§ Exercise:
Every line of the listing is returned unchanged, and every picture is dropped.

§ Recorded data:

-------------------------

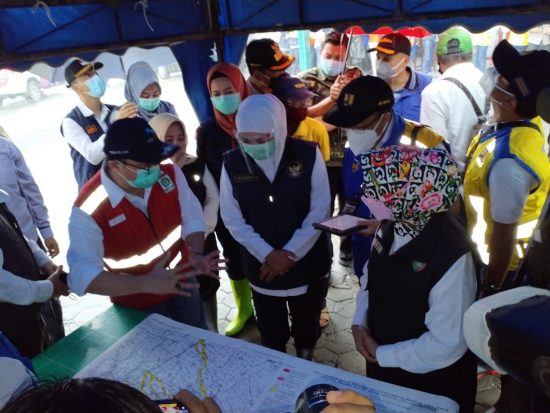 Bupati Jombang Dampingi Gubernur Pantau Banjir Bandar Kedungmulyo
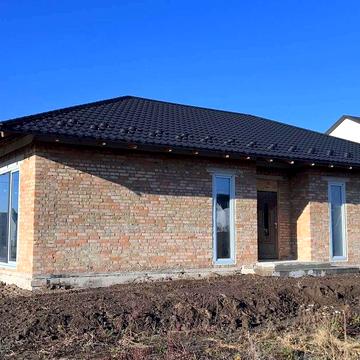 ~ Продаж будинку з великою терасою  в місті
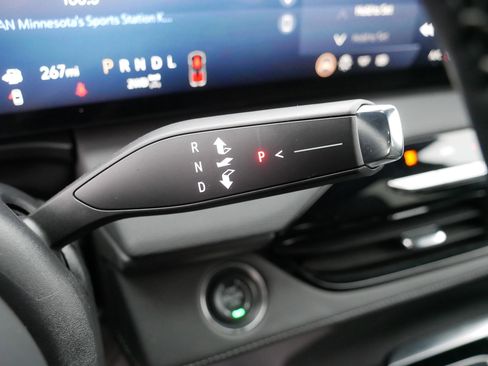 Used 2025 Buick Enclave Preferred image 24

-------------------------

§ Result:
 Bupati Jombang Dampingi Gubernur Pantau Banjir Bandar Kedungmulyo
 ~ Продаж будинку з великою терасою  в місті
 Used 2025 Buick Enclave Preferred image 24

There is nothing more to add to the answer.